Waite Park: Cannonballs and belly flops at the quarryby Marc Sanchez, Minnesota Public Radio
Waite Park, Minn. — St. Cloud earned the nickname "Granite City" in the late 1800's because the stone was so abundant in the area.
Mining crews dug deep -- creating quarries that remain today as evidence of their work.
In 1992, the city of Waite Park, just southwest of St. Cloud, purchased a granite quarry from Cold Spring Granite Co.
The quarry hadn't been used much since the 1950's and the land was beginning to revert to its natural state. The city thought the property seemed like a good addition to Stearns County's Quarry Park and Nature Preserve.
The site was already a favorite of mountain bikers, who had been sneaking on to the land for years.
When the park officially opened in 1998, one of the main attractions became Melrose Deep 7. That's the abandoned quarry where you'll find the swimming hole.
Ensconced by jutting pieces of worn granite, the water reaches depths of 116 feet. On a good day, you can see 20 feet down through the water.

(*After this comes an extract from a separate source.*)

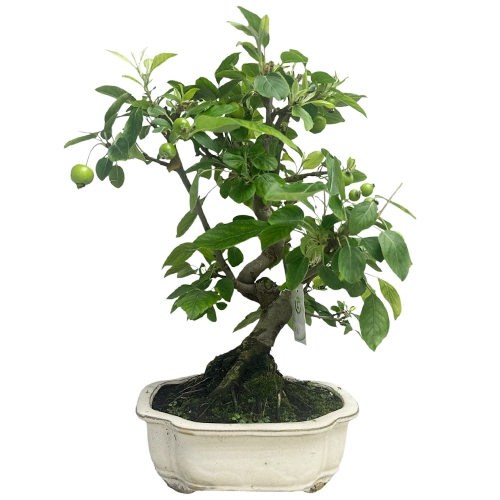 Meaning of Bonsai: Symbolism, History, and What Bonsai Represents - Miyagi  Bonsai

On a hot day, it's not unusual to find 400 to 500 people lining the banks, swimming and diving in Melrose Deep 7. With yelps of joy and cannon ball splashes, kids fling themselves off 20 foot peaks into the the pool below.

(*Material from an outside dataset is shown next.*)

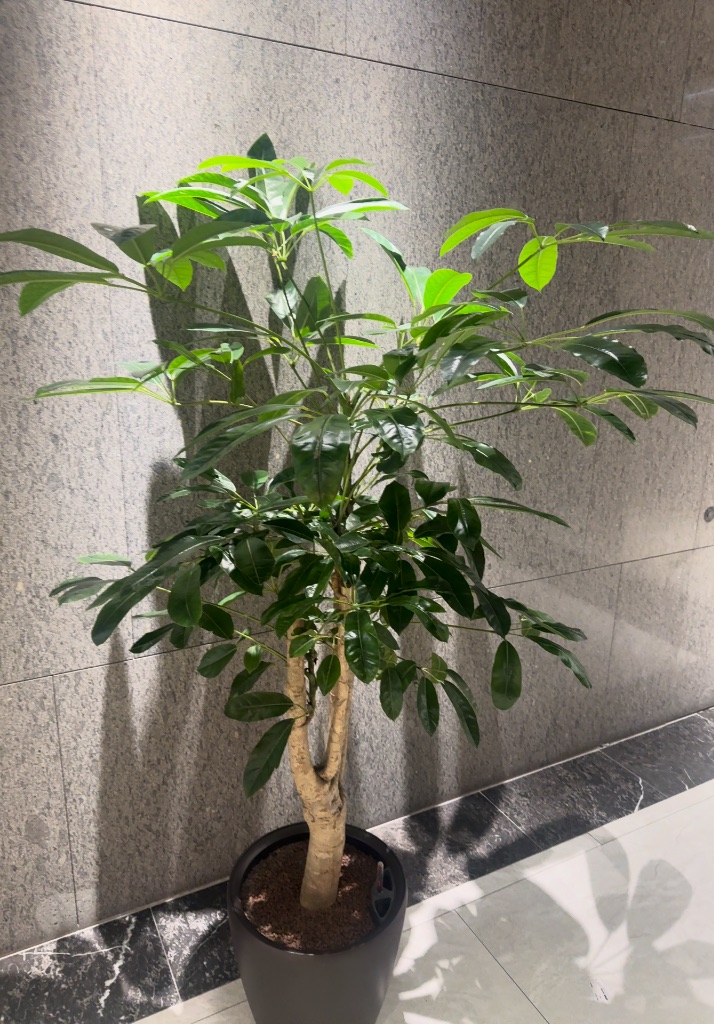 Heptapleurum actinophyllum photo 1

There are a few tried and true places that one can safely jump from. Stearns County Park Director Chuck Wocken tells of accidents that happen every year. He suggests giving a thorough check of any spots you're thinking of jumping into before your first dive.
The park is host to 30 quarries in all. Some are zoned for fishing, some for scuba diving, but only one is strictly for swimming. Mountain bikers can now be on the up and up with their own technical zones. There are an abundance of trails ready for hiking and cross country skiing in the winter.